* [Task details] Set down the entries below exactly; drop the pictures.

Caption-style text data:
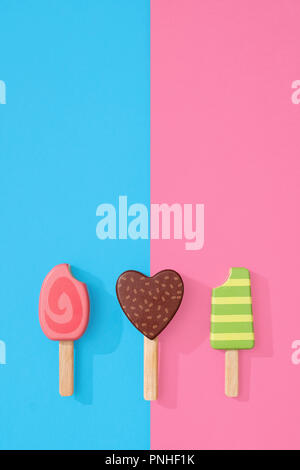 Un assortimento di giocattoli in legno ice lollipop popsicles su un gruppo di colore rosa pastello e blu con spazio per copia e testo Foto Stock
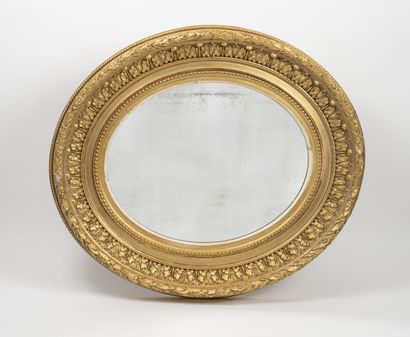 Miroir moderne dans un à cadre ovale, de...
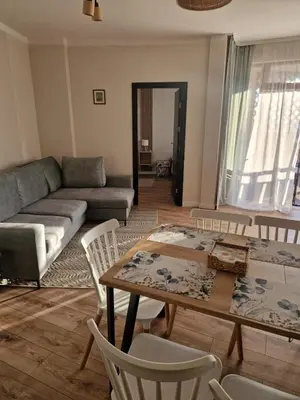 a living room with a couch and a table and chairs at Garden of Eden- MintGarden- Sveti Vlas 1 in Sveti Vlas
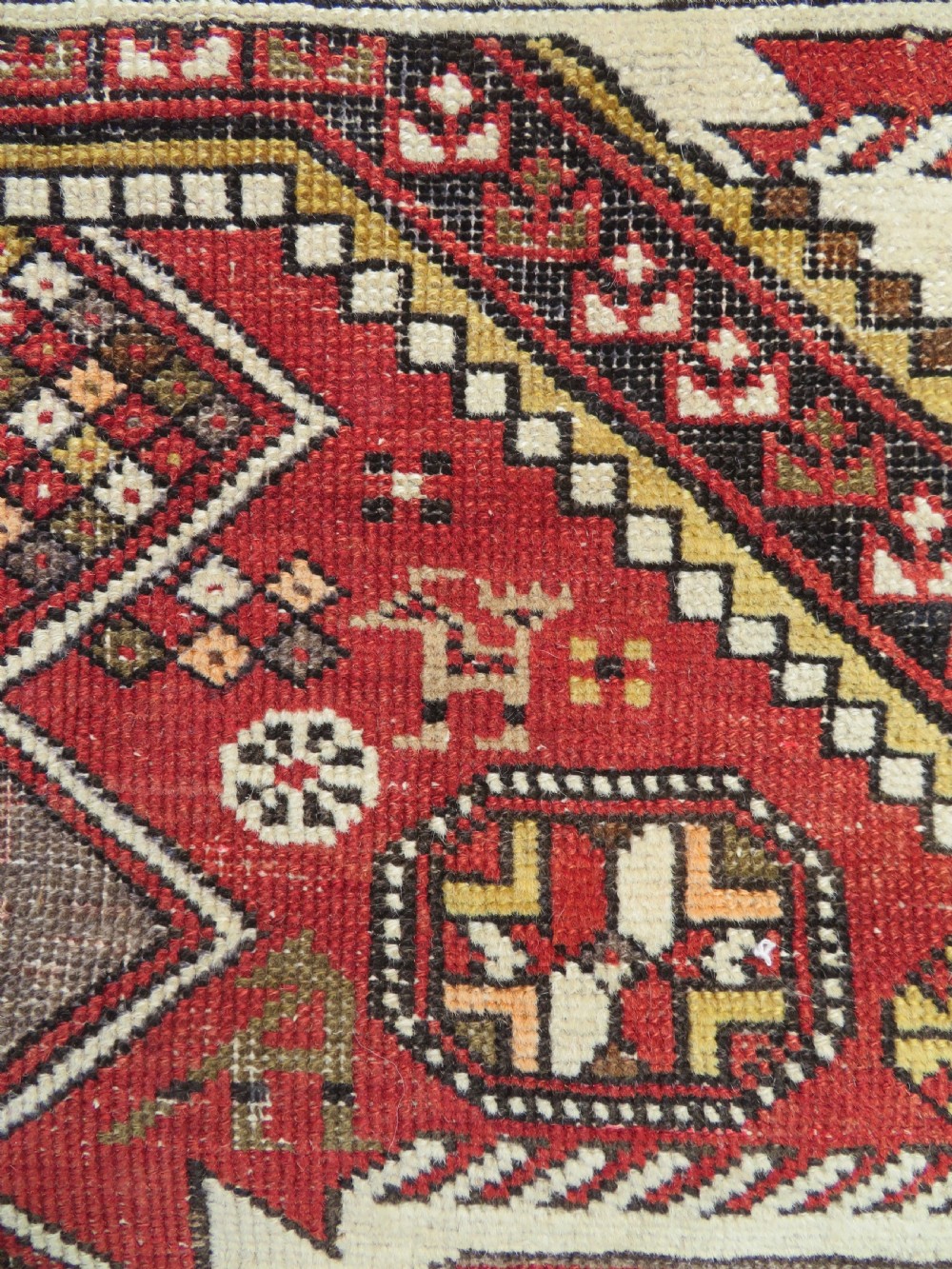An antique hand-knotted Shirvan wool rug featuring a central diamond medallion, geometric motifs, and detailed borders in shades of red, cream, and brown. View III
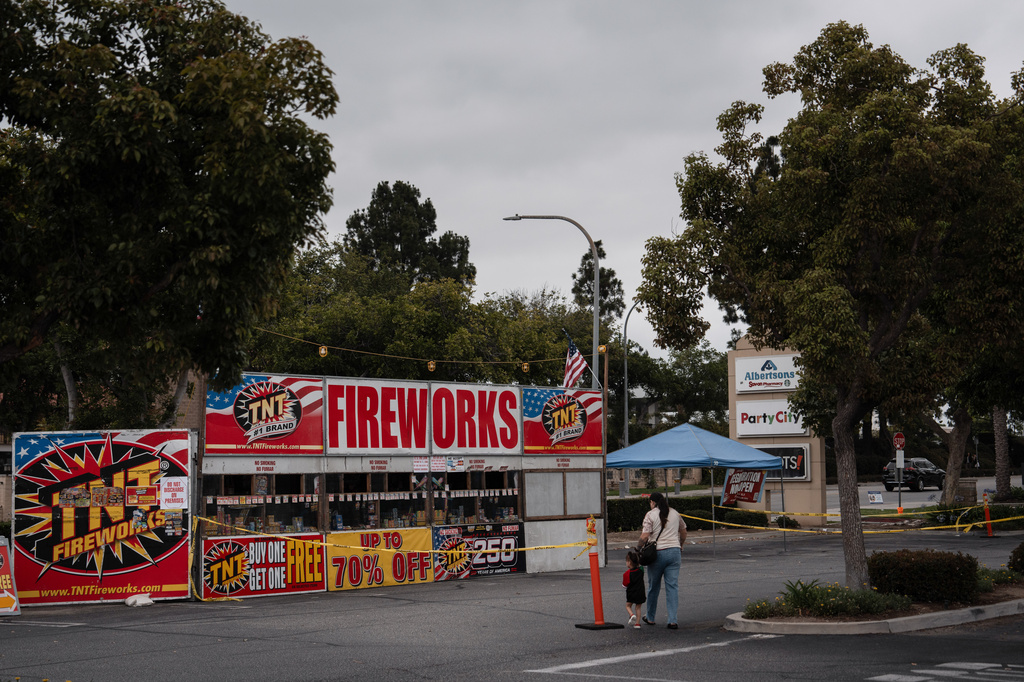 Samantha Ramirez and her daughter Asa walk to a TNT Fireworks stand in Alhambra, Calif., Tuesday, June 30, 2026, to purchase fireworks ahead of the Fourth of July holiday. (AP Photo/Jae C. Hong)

* [Response area]
 Un assortimento di giocattoli in legno ice lollipop popsicles su un gruppo di colore rosa pastello e blu con spazio per copia e testo Foto Stock
 Miroir moderne dans un à cadre ovale, de...
 a living room with a couch and a table and chairs at Garden of Eden- MintGarden- Sveti Vlas 1 in Sveti Vlas
An antique hand-knotted Shirvan wool rug featuring a central diamond medallion, geometric motifs, and detailed borders in shades of red, cream, and brown. View III
 Samantha Ramirez and her daughter Asa walk to a TNT Fireworks stand in Alhambra, Calif., Tuesday, June 30, 2026, to purchase fireworks ahead of the Fourth of July holiday. (AP Photo/Jae C. Hong)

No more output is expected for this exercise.